◆ **Work to complete**: Going line by line through the entries below, note each one with "Premium", then report how many there are and nothing else.

◆ **Records provided**:
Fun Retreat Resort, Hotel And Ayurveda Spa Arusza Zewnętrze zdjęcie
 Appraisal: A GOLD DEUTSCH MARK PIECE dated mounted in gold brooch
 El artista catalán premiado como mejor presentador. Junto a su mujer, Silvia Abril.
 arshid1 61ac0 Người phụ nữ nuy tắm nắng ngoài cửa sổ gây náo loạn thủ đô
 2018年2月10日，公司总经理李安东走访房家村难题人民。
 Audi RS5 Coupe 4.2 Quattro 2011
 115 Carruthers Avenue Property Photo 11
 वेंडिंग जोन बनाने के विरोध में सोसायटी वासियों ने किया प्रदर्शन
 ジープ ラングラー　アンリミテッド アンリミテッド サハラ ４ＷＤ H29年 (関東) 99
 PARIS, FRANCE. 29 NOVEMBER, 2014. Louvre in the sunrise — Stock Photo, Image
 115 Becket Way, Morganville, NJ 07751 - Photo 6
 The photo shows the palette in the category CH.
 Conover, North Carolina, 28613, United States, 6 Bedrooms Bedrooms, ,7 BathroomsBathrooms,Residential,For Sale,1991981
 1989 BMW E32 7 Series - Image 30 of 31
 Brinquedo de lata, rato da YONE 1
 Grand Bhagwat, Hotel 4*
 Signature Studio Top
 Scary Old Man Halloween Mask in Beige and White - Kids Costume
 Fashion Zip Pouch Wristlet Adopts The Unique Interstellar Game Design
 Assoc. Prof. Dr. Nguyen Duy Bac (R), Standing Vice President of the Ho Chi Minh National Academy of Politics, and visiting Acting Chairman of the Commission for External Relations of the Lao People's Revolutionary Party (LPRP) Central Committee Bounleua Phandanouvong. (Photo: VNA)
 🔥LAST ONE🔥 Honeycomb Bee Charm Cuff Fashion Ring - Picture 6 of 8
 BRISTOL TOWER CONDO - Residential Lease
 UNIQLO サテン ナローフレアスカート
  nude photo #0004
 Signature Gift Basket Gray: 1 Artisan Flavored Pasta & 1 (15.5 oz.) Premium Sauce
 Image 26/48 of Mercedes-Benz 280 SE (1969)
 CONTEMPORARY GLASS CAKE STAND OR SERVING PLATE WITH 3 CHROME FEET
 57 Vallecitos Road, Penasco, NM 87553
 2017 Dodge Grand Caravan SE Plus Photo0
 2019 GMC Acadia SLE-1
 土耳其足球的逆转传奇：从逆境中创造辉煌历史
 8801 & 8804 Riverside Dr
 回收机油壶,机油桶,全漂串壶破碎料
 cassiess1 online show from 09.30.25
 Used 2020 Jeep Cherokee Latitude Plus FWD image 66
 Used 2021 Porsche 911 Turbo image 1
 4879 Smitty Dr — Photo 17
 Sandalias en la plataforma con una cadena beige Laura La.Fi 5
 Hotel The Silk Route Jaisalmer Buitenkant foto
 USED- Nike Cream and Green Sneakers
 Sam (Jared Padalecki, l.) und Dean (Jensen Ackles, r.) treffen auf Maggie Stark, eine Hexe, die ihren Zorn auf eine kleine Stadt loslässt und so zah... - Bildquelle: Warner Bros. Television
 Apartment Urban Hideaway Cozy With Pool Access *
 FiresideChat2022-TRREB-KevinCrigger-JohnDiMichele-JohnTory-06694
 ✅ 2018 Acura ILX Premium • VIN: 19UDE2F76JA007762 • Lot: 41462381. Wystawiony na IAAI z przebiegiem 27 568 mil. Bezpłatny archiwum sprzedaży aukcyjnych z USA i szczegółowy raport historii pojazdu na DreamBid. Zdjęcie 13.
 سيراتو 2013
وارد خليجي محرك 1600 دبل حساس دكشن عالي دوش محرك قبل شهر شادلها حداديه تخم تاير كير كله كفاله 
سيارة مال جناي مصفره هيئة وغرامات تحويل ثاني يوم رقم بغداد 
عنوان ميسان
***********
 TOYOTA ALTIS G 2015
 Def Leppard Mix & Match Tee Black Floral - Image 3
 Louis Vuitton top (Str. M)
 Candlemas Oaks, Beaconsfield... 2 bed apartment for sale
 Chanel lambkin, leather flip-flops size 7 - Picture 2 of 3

◆ **Problem solution**: 2